Last year, I talked a little about early Indian literature in English through the work of Toru Dutt, India’s first published woman writer in the language. But Dutt was not the first Indian novelist to write in English, and today I wanted to focus on what is largely believed to be the first novel written in English by an Indian, Rajmohan’s Wife, and its author, Bankim Chandra Chattopadhyay (1838-1894). Published in 1864, Rajmohan’s Wife, like Dutt’s writings, sits at a fascinating intersection of Anglicize Indian culture at arguably the height of the British Raj, and both its fixations and its shortcomings reveal the tension beneath the surface of British colonialism on the subcontinent that would eventually lead to the Indian independence movement. This alone I think makes it worthy of further investigation, so let’s get into some meat on the subject.

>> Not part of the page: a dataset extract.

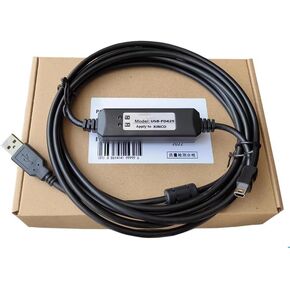 USB-FD425 for FD425-LA-000 Servo Motor Drive Debugging Cable Data Cable Programming Cable Communication Download Cable Dual Chip Design Industrial Grade 3 Meter in Kuwait
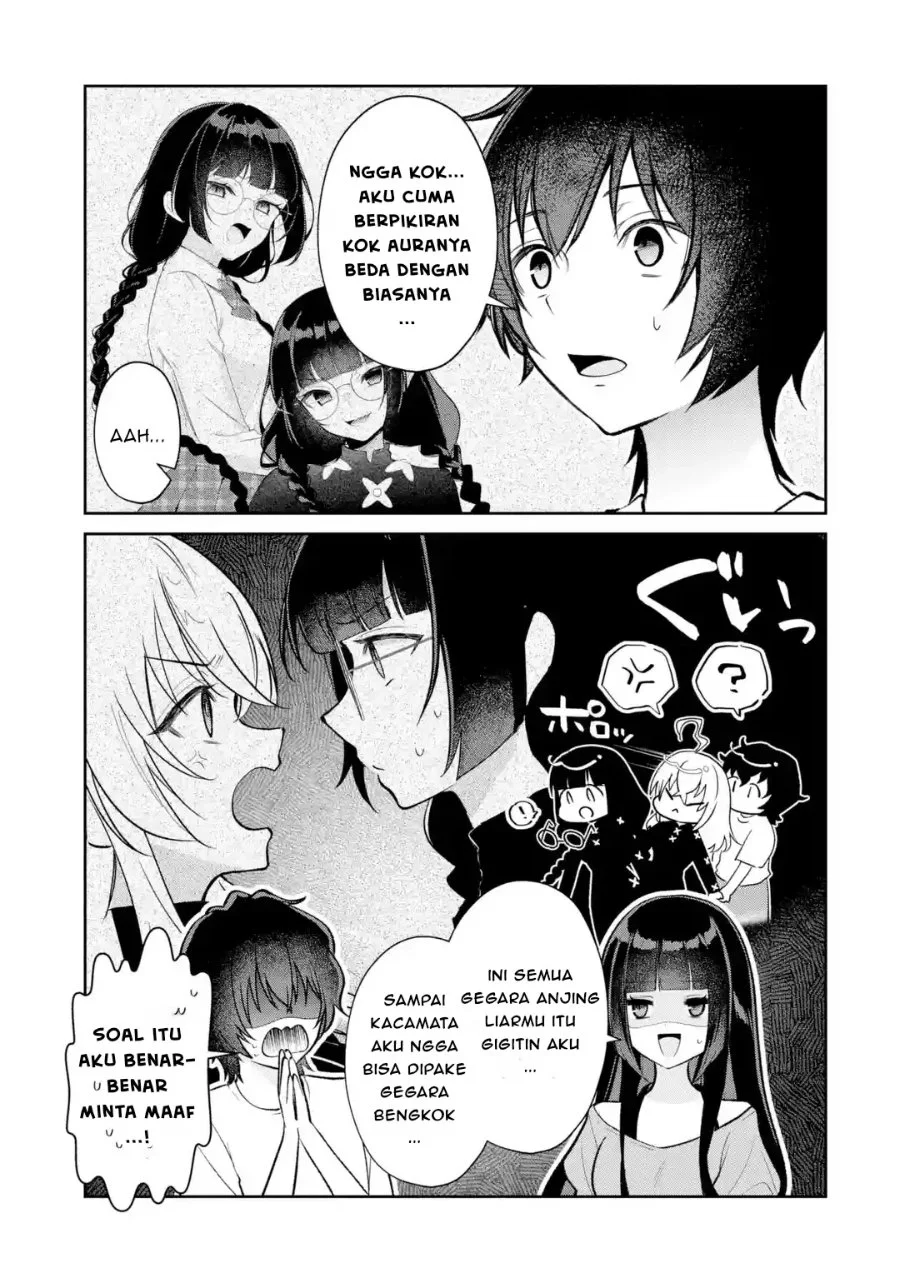 Yuumei VTuber no Ani Dakedo Nazeka Ore ga Yuumei ni Natteita Chapter 23.1 halaman 4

Like Toru Dutt and her family, Bankim Chandra Chattopadhyay (often Anglicized as Chatterjee, as you can see on the cover photo above) was the product of the native bourgeois civil servant class in Bengal. His father was a government official, but unlike the Dutts, who were Calcuttans born and bred, the Chattopadhyays were native Western Bengalis (modern Bangladesh), and much of Bankim Chattopadhyay’s early life revolves around the well-established intellectual life of Hooghly, where some of the oldest Indian schools and universities were. It is perhaps because of this initial remove from Calcutta that kept Chattopadhyay and his family faithful to their Brahmin caste and religion, whereas the cosmopolitan Dutts overwhelmingly converted to Christianity, as much as a social decision in order to move up the colonial civil service hierarchy as from religious conviction. But after matriculating at Hooghly Moshin College, Chattopadhyay was rated highly enough as a student to earn a place at the newly established University of Calcutta, becoming one of its first two graduates. His earlier studies were in literature and the arts, but like most Indian civil servants, he would also earn a law degree, but this would be much later in his life.

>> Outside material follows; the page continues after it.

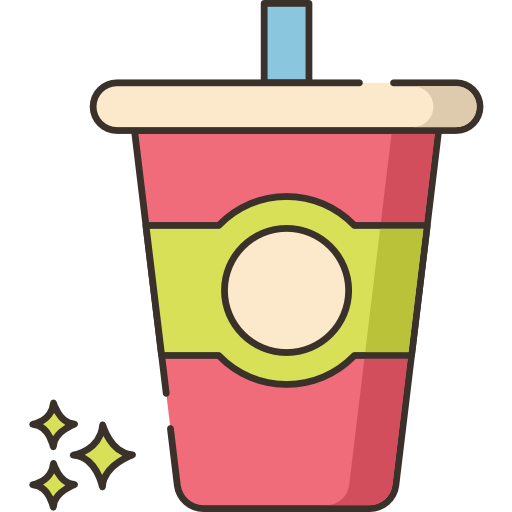 Tea Flaticons Lineal Color icon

It was in mid-century Calcutta where Chattopadhyay would be exposed to contemporary Bengali intellectual circles, including many of Toru Dutt’s male relatives, who formed much of the scholarly and intellectual backbone of Calcutta’s significant literary society. Although once he began his career in the civil service and his positions often relocated him back to his native Western Bengal, Chattopadhyay would remain deeply involved in this milieu throughout his life. Like many of the Dutts, Chattopadhyay turned to literature as an appropriate off-hours pursuit, and like most of them, began his literary career as a poet publishing verse in local Bengali newspapers and periodicals. But like the iconoclastic Toru, Chattopadhyay would chafe against the limitations of poetry alone and turn to fiction as a way to expand his creative imagination. He wrote a novella in Bengali for a local competition, but it didn’t win and he never attempted to publish it later. Having seemingly abandoned this work, he, like Toru Dutt, decided to turn to English as the medium for his next project and the novella Rajmohan’s Wife was the result. Like many Victorian novels in England, Rajmohan’s Wife was serially published in the relatively obscure periodical, Indian Field, in 1864, making it the first novel by an Indian author published in English, beating out Dutt’s posthumous Bianca by roughly fourteen years.

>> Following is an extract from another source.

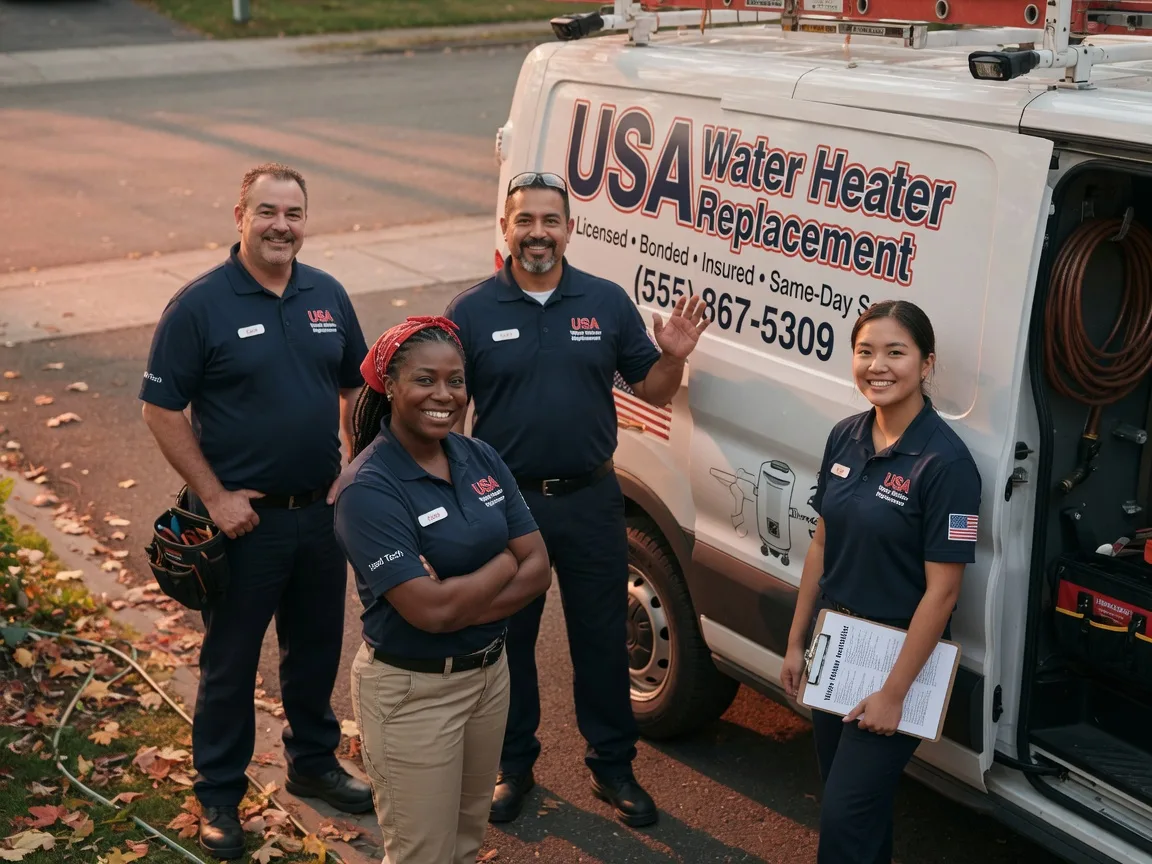Water Heater Replacement company in Douglas, ND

But much like Dutt’s work, especially given her shift toward Hindu mythology in the poetry written closest to her death, Chattopadhyay’s betrays a distinct ambivalence toward the Anglo-Bengali culture that was ostensibly his life. This is borne out by the fact that while Rajmohan’s Wife would be his first English novel, it would also be his last. As he aged, Chattopadhyay became one of the earliest figures in the nascent Indian home rule movement, and like later figures such as the poet Rabindranath Tagore (1861-1941), he used his art as a vehicle to assert for independence. Specifically calling his foray into English language literature a “false start” (Rajmohan, foreword, v), his subsequent seventeen novels after Rajmohan’s Wife would all be written in Bengali, and it became his life’s work to advocate for writing in his native language about Indian themes as an act of patriotism. As we discussed in my entry about Chandrabati’s Sita-centric Ramayana retelling, Bengal has a long and rich literary tradition, with its written literature dating from deep in India’s medieval period, and Chattopadhyay tapped into this tradition to elevate his contemporaries. This advocacy, combined with his wide-ranging nonfiction essays on art, science, and religion, is why by the time of his death in 1894 at the age of fifty-five, Chattopadhyay was known in Bengali as Sahitya Samrat—the Emperor of Literature.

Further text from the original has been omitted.